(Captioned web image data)
━━━━━━━━━━

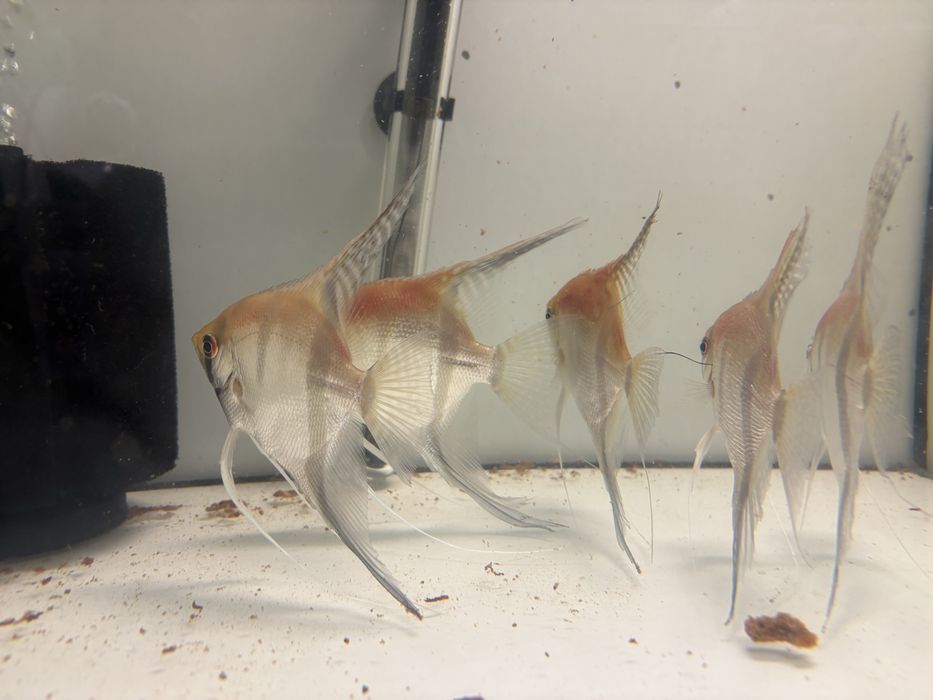 Skalary manacapuru po rodzicach od Simona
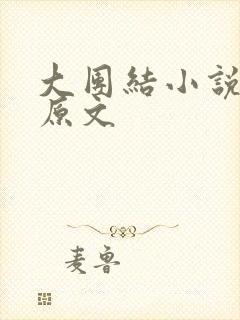 大团结小说阅读原文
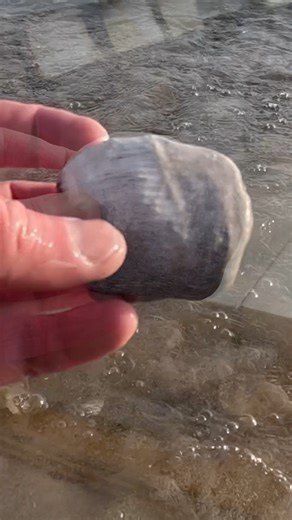 Michigan Rocks on Reels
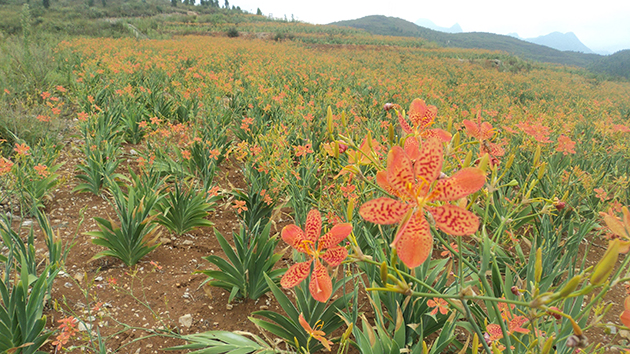 ��α������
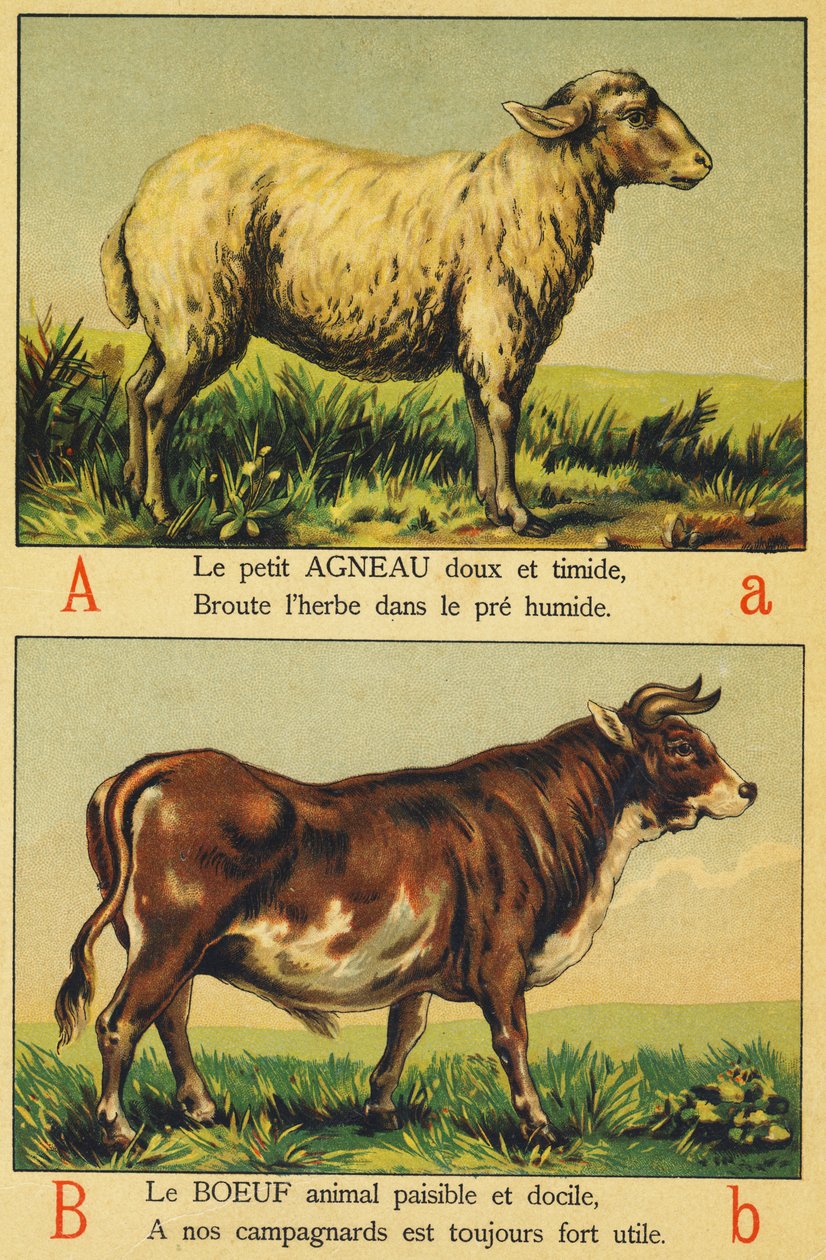 A jako jehněčí a B jako hovězí od French School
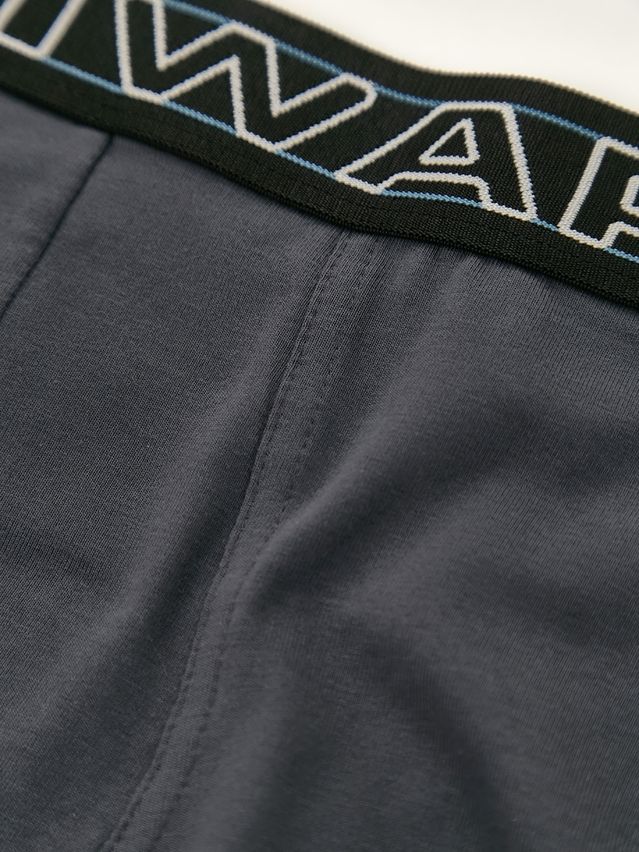 Men's underpants DIWARI PREMIUM MSH 3600, s.78,82, graphite-black/blue - 3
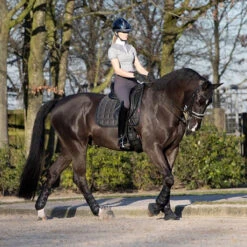 Zadeldek LeMieux Carbon Mesh Air Dressage Zwart -Paardenbenodigdheden Winkel zadeldek lemieux carbon mesh air dressage zwart 1500x1500 116642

━━━━━━━━━━

WHAT THE TASK REQUIRES: Copy each line of the records above exactly as written. Do not carry over any picture.

SOLUTION:
 Skalary manacapuru po rodzicach od Simona
 大团结小说阅读原文
 Michigan Rocks on Reels
 ��α������
 A jako jehněčí a B jako hovězí od French School
 Men's underpants DIWARI PREMIUM MSH 3600, s.78,82, graphite-black/blue - 3
 Zadeldek LeMieux Carbon Mesh Air Dressage Zwart -Paardenbenodigdheden Winkel zadeldek lemieux carbon mesh air dressage zwart 1500x1500 116642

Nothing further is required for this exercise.